MARC DUFUMIER
agronome, professeur, émérite à AgroParisTech et auteur notamment de L’Agroécologie peut nous sauver et De la terre à l’assiette.
— Craignez-vous un accroissement des conflits d’usage de l’eau ?
Marc Dufumier : Avec le dérèglement climatique, la distribution des eaux de pluie va devenir de plus en plus chaotique et aléatoire, que ce soit dans l’espace ou dans le temps. Cela a des conséquences sur le niveau des cours d’eau, le rechargement des nappes phréatiques et des lacs réservoirs, que ce soit pour l’électricité ou pour l’agriculture. Les conflits d’usage sont de plus en plus nombreux. Et cela ne peut que s’aggraver, si l’on en reste aux prédictions de plus en plus avérées du GIEC.
— L’agriculture en France est une grosse consommatrice d’eau. Peut-on faire autrement ?
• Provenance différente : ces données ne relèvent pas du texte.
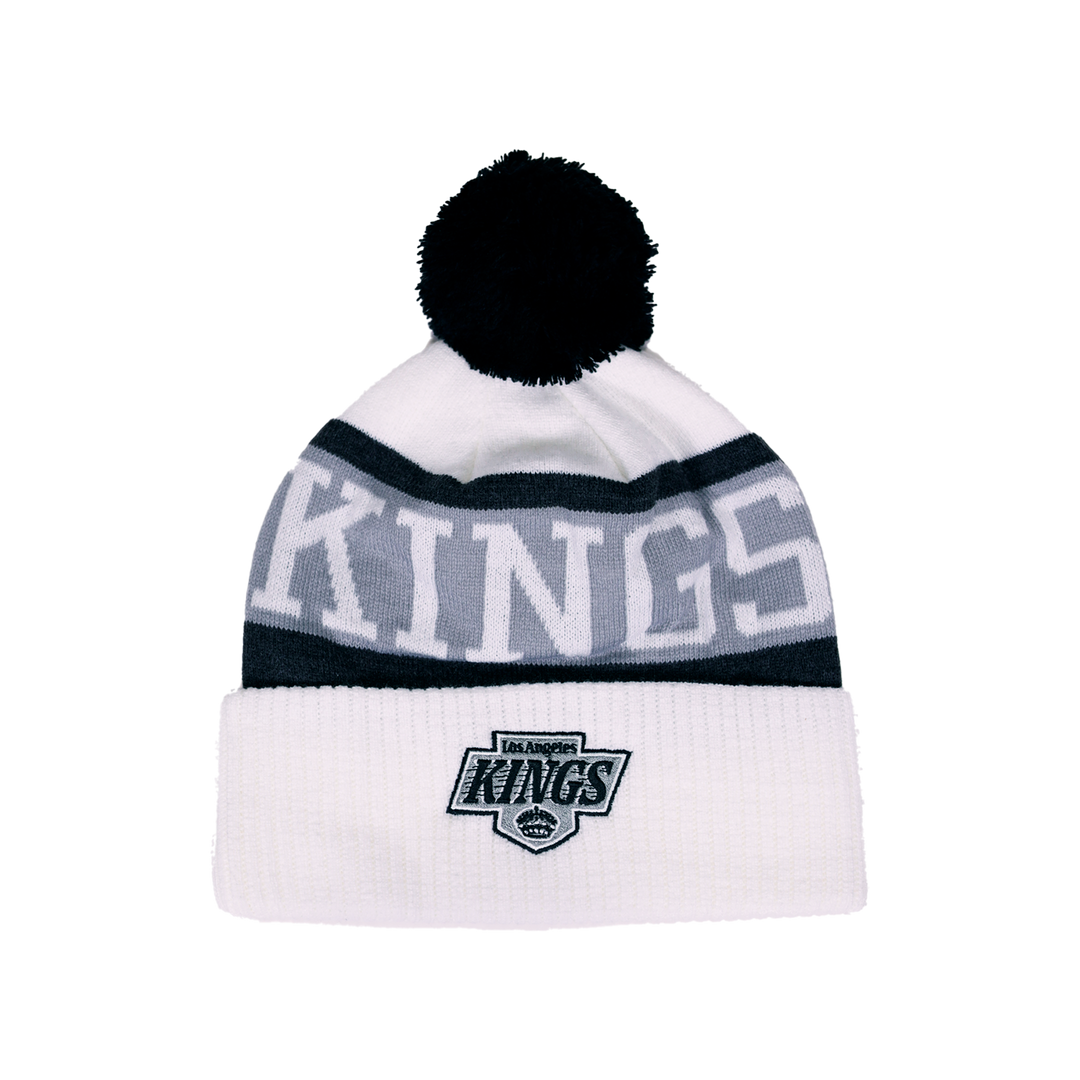 LA Kings CCM Chevy Logo White Knit Pom Beanie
M.D. : L’agriculture consomme à peu près la moitié des eaux hors eaux de pluie. En plein été, on peut monter jusqu’à environ 70 %, cette eau étant utilisée pour l’irrigation. Or, on peut avoir une agriculture productive, durable et respectueuse de l’environnement avec une moindre consommation de ces eaux. Il faut pour cela faire un usage intensif, à l’hectare, des eaux de pluie, qui nous sont donnés gratuitement même si c’est de façon de plus en plus chaotique, ce qui limitera le recours à de l’irrigation.
« Les bassines sont coûteuses en énergie et occupent des terrains perdus pour les cultures »
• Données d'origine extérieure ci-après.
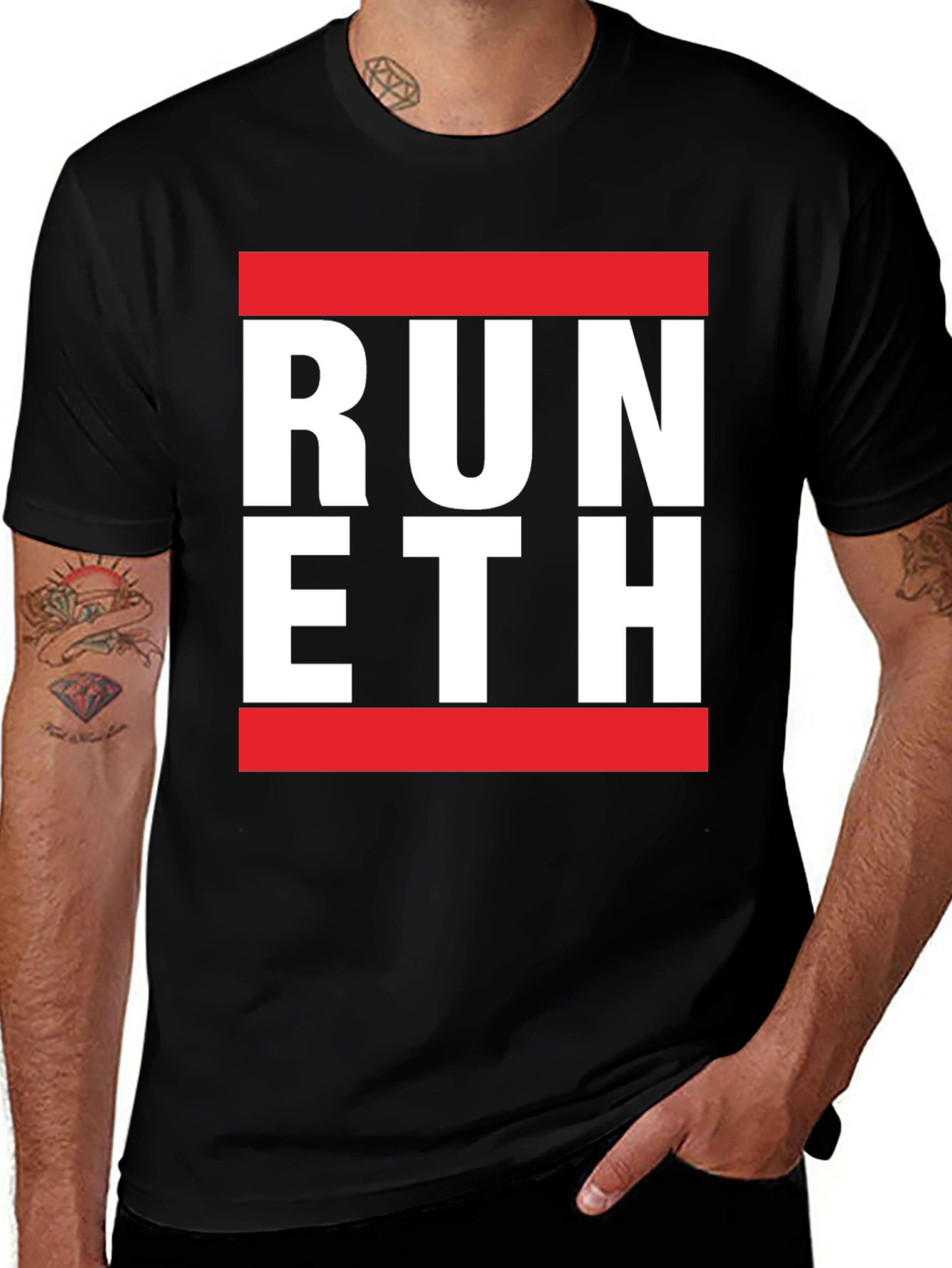 RUN ETH T-Shirt - Crypto Enthusiast Tee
Le mieux, c’est de limiter comme dans le Sud-Ouest, les cultures d’été exigeantes en eau au moment où il pleut peu, au profit de cultures d’hiver, semées à l’automne et récoltées à la fin du printemps/au début de l’été. Donc moins de maïs et de soja, et plus de blé d’hiver et d’orge. On peut produire des calories alimentaires avec d’autres plantes que le maïs. Et on peut éviter de nourrir les animaux au maïs. En Bretagne, par exemple, une bonne prairie permanente est plus adéquate que le maïs ensilage destiné à l’affouragement des ruminants. Pour chaque région, il faut prévoir des rotations, des assolements, pour éviter les monocultures. Il existe bien sûr des solutions rapides, avec quelques changements de variétés, d’espèces. Dans le Sud-Ouest, on corrige un peu le tir en faisant du sorgho, une plante d’été qui résiste mieux que le maïs au stress hydrique. Mais l’essentiel, c’est de rééquilibrer le pourcentage dans nos assolements de cultures d’été et de cultures d’hiver.
— Peut-on se passer totalement d’irrigation ?
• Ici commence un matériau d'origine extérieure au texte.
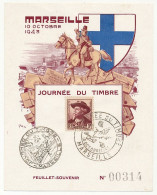 FRANCE => Feuillet Souvenir Illustré DRAIM - Journée Du Timbre 1943 Marseille, 1F Mistral, 10 Octobre 1943 - Cartas & Documentos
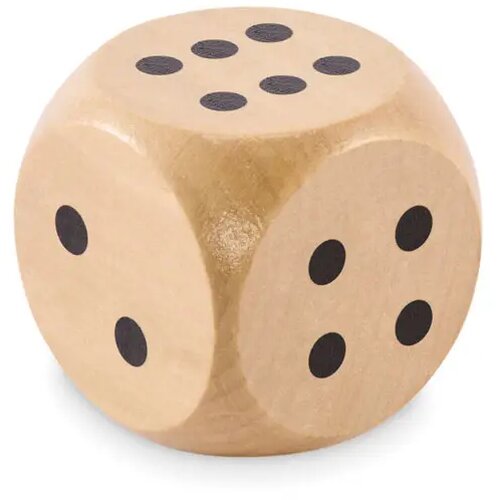 Schima houten dobbelsteen 5cm Dado Bruin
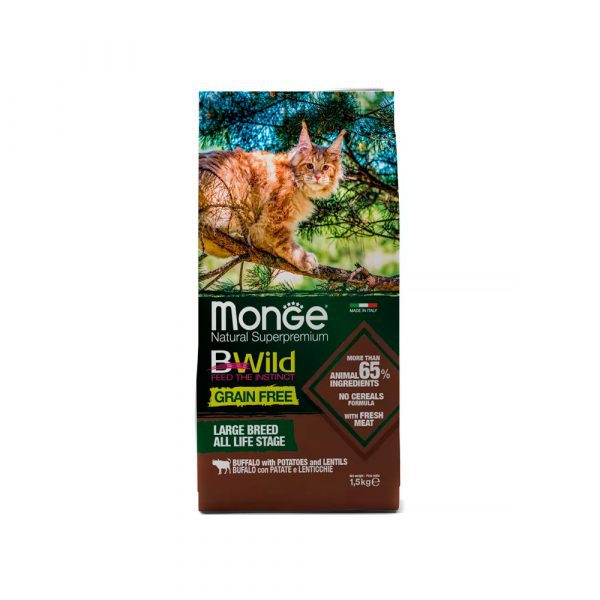 Monge Cat BWild Grain Free Сухой беззерновой корм для крупных кошек, мясо Буйвола 1,5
M.D. : Si on est condamné à y avoir recours dans certaines régions, la question est : avec quelle eau ? J’ai une préférence pour les retenues collinaires — de petits barrages pour empêcher des ruisseaux de dévaler une pente —, ou les lacs réservoirs, plutôt que pour les bassines qui consistent à pomper la nappe phréatique. C’est coûteux en énergie fossile. De plus, ces bassines sont d’une grande surface, ce sont autant de terrains perdus pour les cultures. Et même si elles sont relativement profondes, une partie de cette eau qui a été puisée certes en hiver va s’évaporer. D’autre part, s’il faut faire de l’irrigation, il est préférable de la réserver à des productions telles que les fruits et légumes. Même si en apparence, ils sont riches en eau, ils nécessitent moins d’eau pour produire ce dont on a besoin, car la plante transpire bien moins qu’un maïs, qu’un blé ou qu’un sorgho.